Caroline Petit est chargée de projet chez CNC. Elle explique que la mission de l’organisme est d’être le chien de garde des legs écologiques. Un réseau de bénévoles sillonne les terres protégées, notamment pour s’assurer qu’il n’y ait pas d’espèces envahissantes. L’organisme est financé par les gouvernements provincial et fédéral, ainsi que par des donateurs. Au-delà de la conservation des milieux naturels, CNC a un mandat de recherche et d’éducation.

« C’est grâce à des gens comme M. Raymond qu’on peut accélérer la conservation de la nature et avoir un impact sur la biodiversité. Les terrains sont de plus en plus chers, l’acquisition est un défi majeur même avec le soutien des gouvernements. C’est donc grâce à des dons de terrains qu’on espère atteindre nos objectifs de conservation d’ici 2030 et changer les choses », explique Mme Petit.

Au Québec, 76 815 hectares sur 1587 sites de conservation dits « volontaire » sont protégés, selon le Réseau de milieux naturels protégés. Une nouvelle carte est actuellement mise à jour.

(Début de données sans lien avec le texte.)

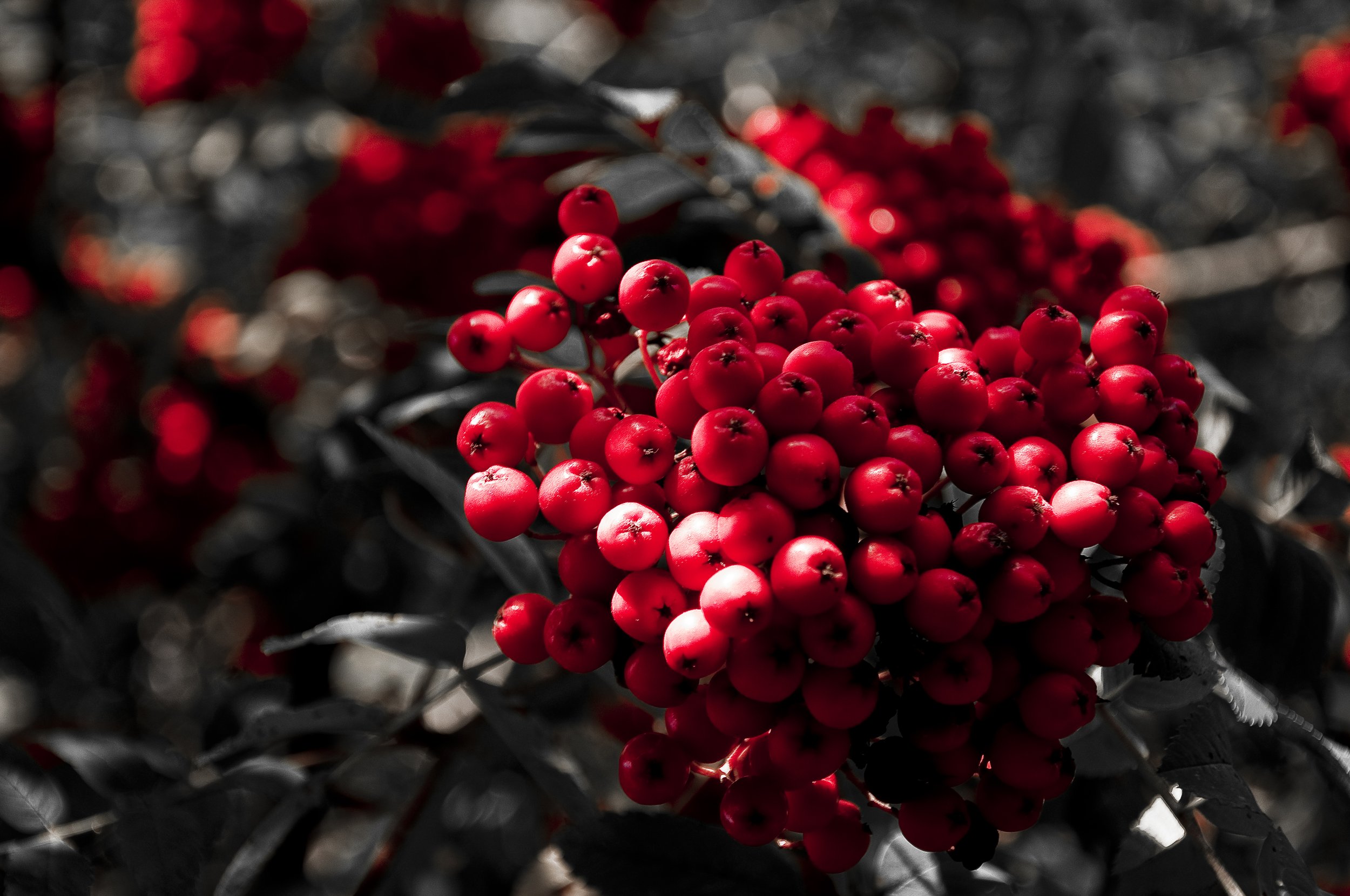 Ett stycke röda bär i en svartvit bakgrund med svarta grenar och löv. 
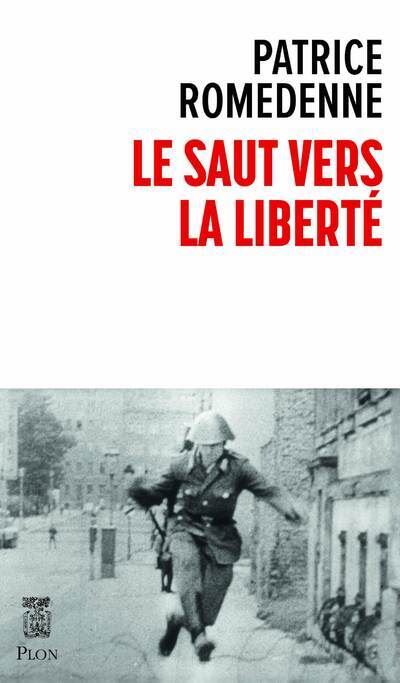 Le saut vers la liberté - Patrice Romedenne - Plon - broché - Roman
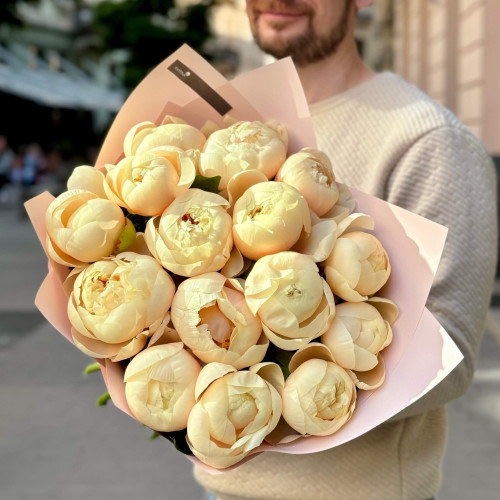 15 ексклюзивних півоній «Кремове диво»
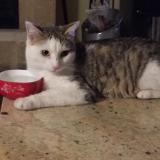 Picture of cat lost at Monteux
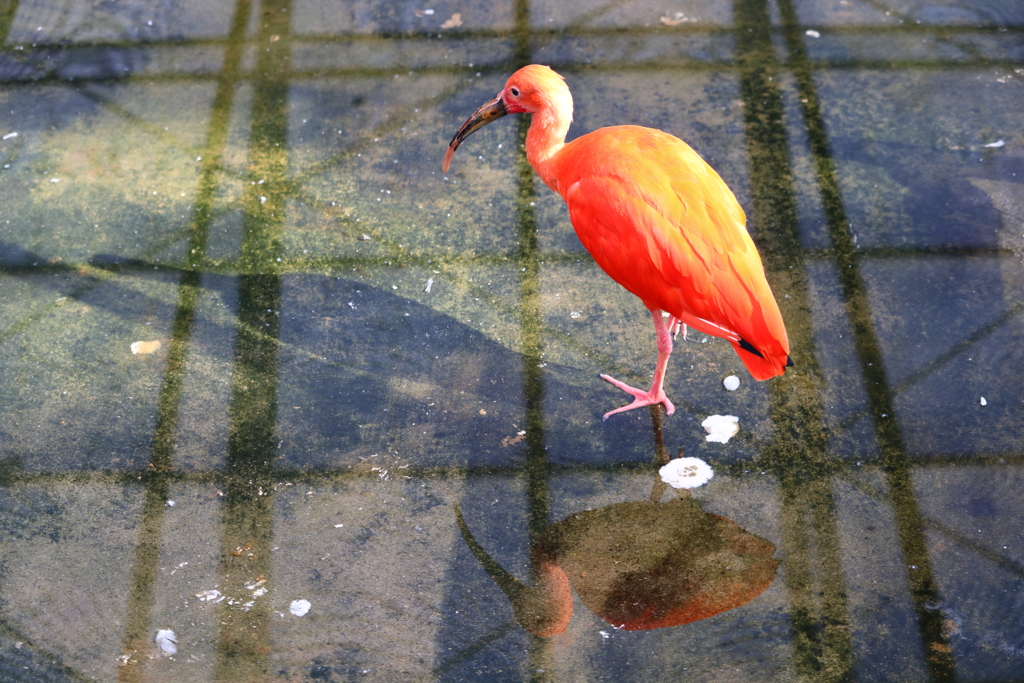 掛川花鳥園①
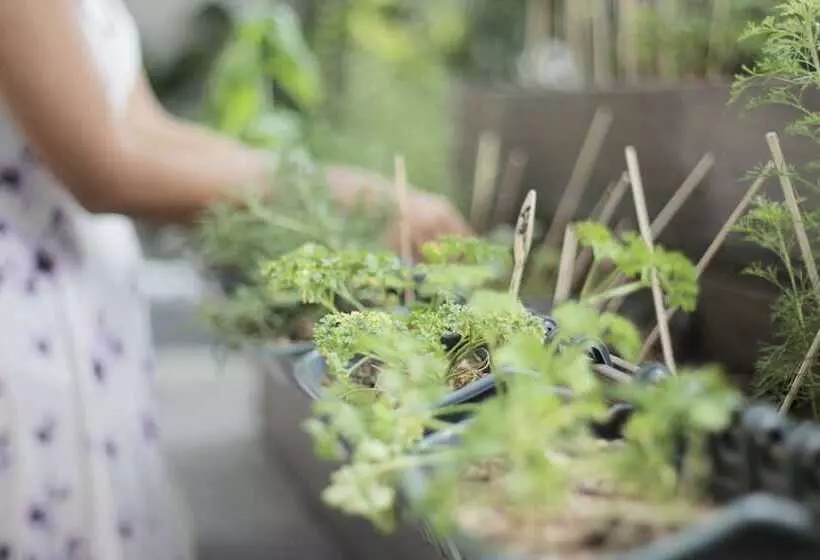 Citadines Salcedo Makati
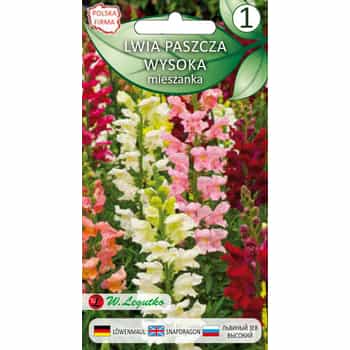 Snapdragon Seeds - Color mix for your garden 2
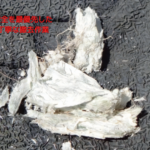 安全を最優先した丁寧な撤去作業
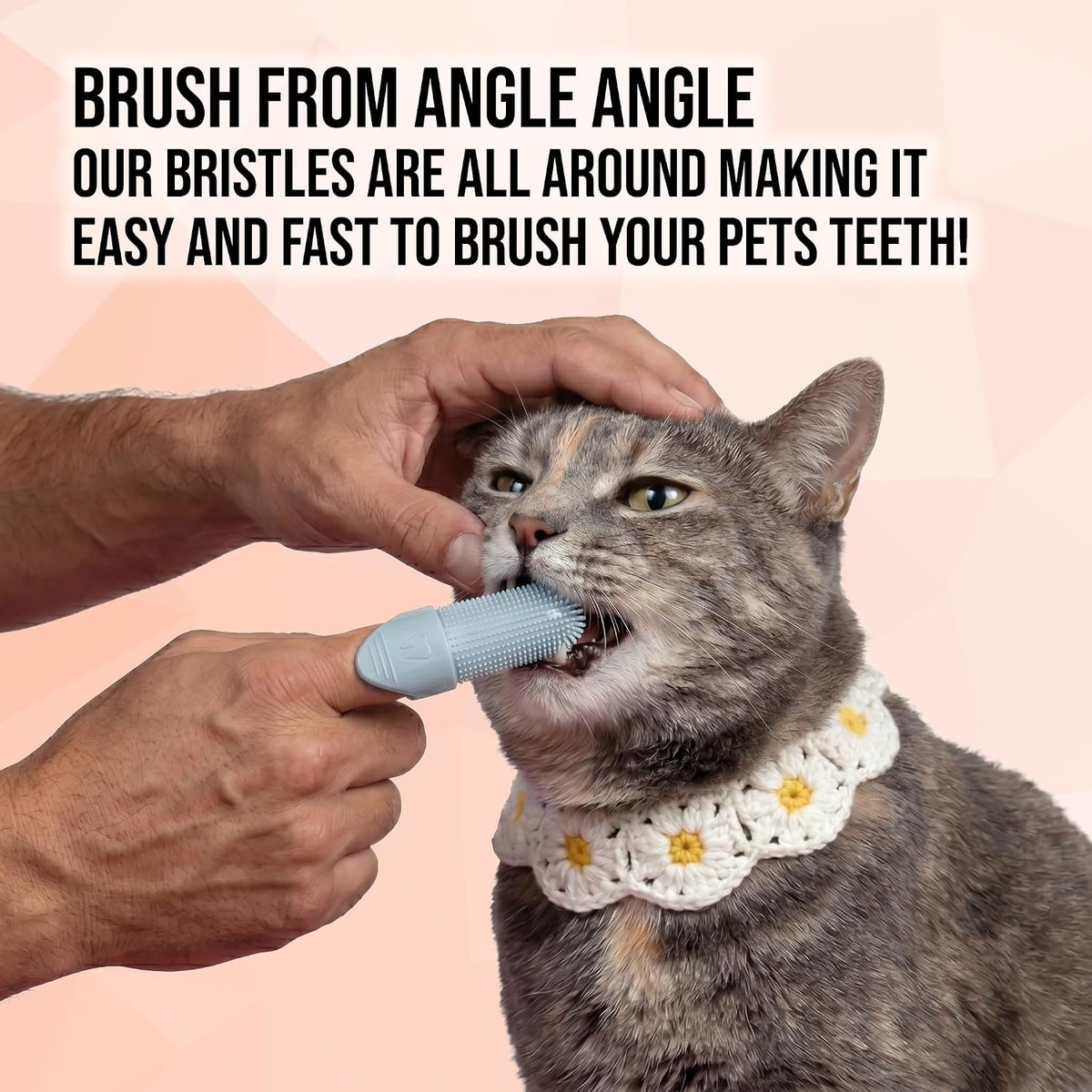 Hampton Distribution 4-Pack Pet Dental Care Kit - 360° Silicone Dog & Cat Finger Pet Toothbrush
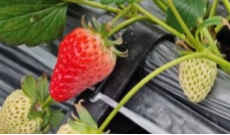 2月13日幸福观察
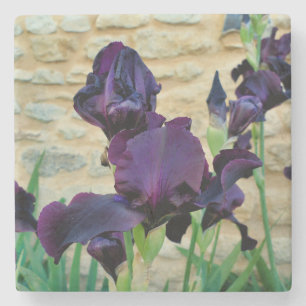 Bearded Iris Steinuntersetzer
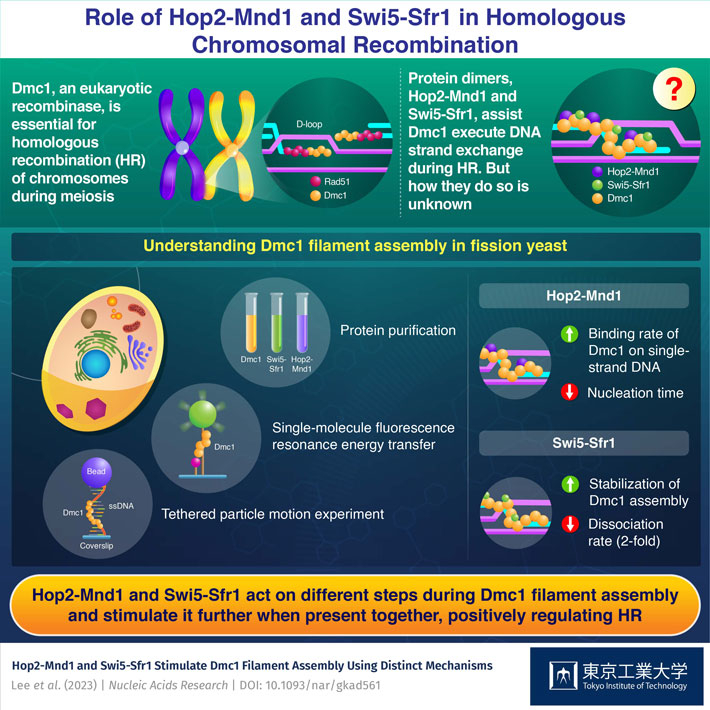 Role of Hop2-Mnd1 and Swi5-Sfr1 in Homologous Chromosomal Recombination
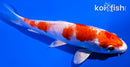 6" KIKUSUI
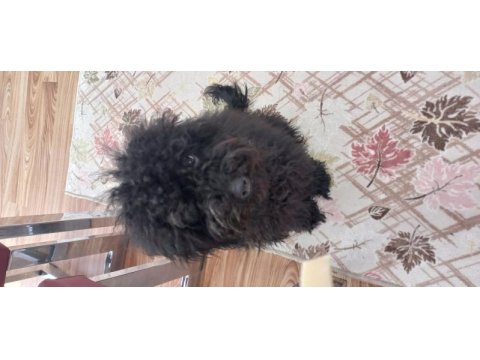 6 aylık siyah toy poodle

Dans l’ensemble du Canada, entre 1995 et 2016, près de 1300 dons écologiques ont été dénombrés par le gouvernement fédéral, surtout au Québec et dans les Prairies.

Dons de Lanaudière

Le dirigeant de l’organisme, Brice Caillé, estime que le nombre de dons peut sembler élevé, mais que ce n’est pas assez. « Beaucoup de terres ont été échappées. On le voit encore ces jours-ci pour Rabaska, à Lévis, où il y a des projets industriels malgré l’achat d’un des terrains par le gouvernement. Les municipalités doivent avoir plus de devoirs et de pouvoirs légaux de protection écologique », estime-t-il.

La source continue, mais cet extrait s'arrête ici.